A burning sensation in the neck is often associated with tension or compression of the nerves in the neck. Stretching of the neck ligaments and muscles can also cause a burning sensation in the neck. Numbness, tingling, stinging, pain or stinging sensations may also occur when there is a burning sensation in the neck due to damage to the nerve roots or nerve endings. Whether it is nerve compression or muscle and ligament problems, there is usually restriction in neck movements and aggravation of pain with certain movements.
The protrusion of the discs between the neck vertebrae from where they should normally be is called neck hernia. The dislocated disc may press on the nerve roots. In this case, neck pain, burning sensation in the neck, pain spreading to the arm and numbness may occur. Complaints may increase with certain movements of the head. Neck hernia may develop as a result of trauma, posture disorder or age-related neck calcification. Sometimes nerve compression can occur without a neck hernia. In neck calcification, the bones grow and narrow the channels of the nerves. Tumors that cause a mass effect can also damage nerve fibers.
Occipital neuralgia is a special type of nerve compression in the back of the neck that can cause a burning sensation in the neck. The occipital nerves that run from the top of the spinal cord to the scalp at the back of the head are inflamed or injured. Its symptoms can be confused with migraine.
Brachial Plexus Stretch
Nerve fibers leaving the spinal cord at the neck level form a bundle among themselves and form the nerves going to the arm. This bundle of nerves between the neck and the arm is called the brachial plexus. When the brachial plexus is stretched, burning pain in the neck, shoulder and arm may occur. The brachial plexus may be injured in traumas in which the arm on the other side is pulled down from the shoulder while the neck is turned to one side. Such injuries are seen in sports such as football and wrestling, which are close bilateral struggles.
Traumas that cause stretching or tearing of muscle fibers or ligaments in the neck can cause burning in the neck. Unusually strenuous exercise, carrying heavy loads, or falling asleep in a poor position can lead to injury to muscles and ligaments. In such cases, complaints such as pain and burning are generally limited to the neck, neck and shoulders, and do not spread to the lower levels of the arm. Stiff neck and headache may also occur in neck injuries. Whiplash injury, which is caused by the sudden forward and backward movement of the head in traffic accidents, is a special type of neck injury and can lead to burning in the neck.
Fibromyalgia , also known as soft tissue or muscle rheumatism, can cause many complaints such as common and chronic muscle pain, sleep disturbance, intestinal problems, swelling in the hands and feet, and fatigue. Numbness in the hands and feet, burning in the back and neck are common in fibromyalgia patients.
Meningitis, an infection of the membranes of the brain and spinal cord, is a serious problem. Complaints such as fever, headache, nausea, vomiting, blurred consciousness, neck stiffness as well as a burning sensation in the neck can be seen.
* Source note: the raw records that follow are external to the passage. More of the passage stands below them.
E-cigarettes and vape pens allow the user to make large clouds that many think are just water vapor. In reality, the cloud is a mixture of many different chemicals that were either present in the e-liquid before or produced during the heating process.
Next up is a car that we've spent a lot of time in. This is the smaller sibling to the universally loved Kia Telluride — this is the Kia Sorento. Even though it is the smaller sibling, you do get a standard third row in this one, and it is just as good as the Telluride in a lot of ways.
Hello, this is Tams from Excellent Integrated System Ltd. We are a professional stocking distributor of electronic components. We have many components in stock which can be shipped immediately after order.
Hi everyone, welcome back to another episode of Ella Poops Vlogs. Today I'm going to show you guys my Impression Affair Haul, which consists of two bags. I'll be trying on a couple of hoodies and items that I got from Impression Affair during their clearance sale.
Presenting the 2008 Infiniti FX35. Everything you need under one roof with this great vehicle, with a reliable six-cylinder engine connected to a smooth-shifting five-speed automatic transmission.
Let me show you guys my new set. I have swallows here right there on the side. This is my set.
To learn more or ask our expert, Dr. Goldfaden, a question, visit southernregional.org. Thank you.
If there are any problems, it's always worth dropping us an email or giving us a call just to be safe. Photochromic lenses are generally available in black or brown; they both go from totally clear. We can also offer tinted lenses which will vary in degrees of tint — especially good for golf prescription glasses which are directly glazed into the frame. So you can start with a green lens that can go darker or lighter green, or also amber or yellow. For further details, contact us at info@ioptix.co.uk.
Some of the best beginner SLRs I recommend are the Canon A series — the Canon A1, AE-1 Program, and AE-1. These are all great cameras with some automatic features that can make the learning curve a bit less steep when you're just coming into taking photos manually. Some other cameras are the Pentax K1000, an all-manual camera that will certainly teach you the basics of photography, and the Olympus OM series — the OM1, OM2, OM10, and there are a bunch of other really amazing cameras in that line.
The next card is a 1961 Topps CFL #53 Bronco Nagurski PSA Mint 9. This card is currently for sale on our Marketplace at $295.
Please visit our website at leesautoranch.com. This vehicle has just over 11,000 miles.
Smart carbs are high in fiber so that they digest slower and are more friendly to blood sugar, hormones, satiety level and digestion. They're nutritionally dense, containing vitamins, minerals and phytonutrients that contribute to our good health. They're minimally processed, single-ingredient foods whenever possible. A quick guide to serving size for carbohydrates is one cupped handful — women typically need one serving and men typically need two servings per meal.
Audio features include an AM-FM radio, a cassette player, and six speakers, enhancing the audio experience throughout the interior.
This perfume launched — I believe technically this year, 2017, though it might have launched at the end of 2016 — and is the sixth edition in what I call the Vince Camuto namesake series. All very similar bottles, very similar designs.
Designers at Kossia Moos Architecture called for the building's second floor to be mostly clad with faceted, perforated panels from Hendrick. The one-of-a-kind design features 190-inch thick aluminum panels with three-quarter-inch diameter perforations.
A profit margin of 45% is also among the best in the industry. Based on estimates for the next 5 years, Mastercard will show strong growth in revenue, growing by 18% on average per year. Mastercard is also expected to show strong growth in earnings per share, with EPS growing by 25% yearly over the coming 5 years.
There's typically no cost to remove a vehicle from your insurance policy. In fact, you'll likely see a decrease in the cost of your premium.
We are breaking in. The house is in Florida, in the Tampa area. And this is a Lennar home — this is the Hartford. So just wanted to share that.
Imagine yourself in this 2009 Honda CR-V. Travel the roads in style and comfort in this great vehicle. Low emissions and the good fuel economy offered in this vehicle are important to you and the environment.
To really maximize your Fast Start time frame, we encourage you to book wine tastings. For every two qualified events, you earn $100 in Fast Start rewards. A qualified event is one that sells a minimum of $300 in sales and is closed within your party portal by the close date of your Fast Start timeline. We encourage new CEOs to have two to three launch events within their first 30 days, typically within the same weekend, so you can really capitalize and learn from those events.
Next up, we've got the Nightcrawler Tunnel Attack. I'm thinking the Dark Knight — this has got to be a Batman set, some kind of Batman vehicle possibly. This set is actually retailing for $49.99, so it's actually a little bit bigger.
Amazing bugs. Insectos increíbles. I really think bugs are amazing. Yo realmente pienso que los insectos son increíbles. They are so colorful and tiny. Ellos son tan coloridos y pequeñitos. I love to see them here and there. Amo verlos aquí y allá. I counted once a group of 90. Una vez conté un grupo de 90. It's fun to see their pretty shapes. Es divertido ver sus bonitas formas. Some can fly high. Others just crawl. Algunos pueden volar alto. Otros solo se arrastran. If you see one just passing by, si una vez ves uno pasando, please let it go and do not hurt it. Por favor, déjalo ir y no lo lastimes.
Neck pain due to meningitis worsens with tilting the head forward, this is called nuchal rigidity.
Another infection that can cause burning in the neck is shingles. The first symptom of shingles may be burning on the neck or back, then rash and blisters may occur on the skin.
If head trauma causes bleeding in the skull, it may cause symptoms such as confusion, nausea, vomiting, headache, speech disorder, weakness in the arms and legs, as well as complaints such as numbness, burning and numbness in the neck, arms or legs.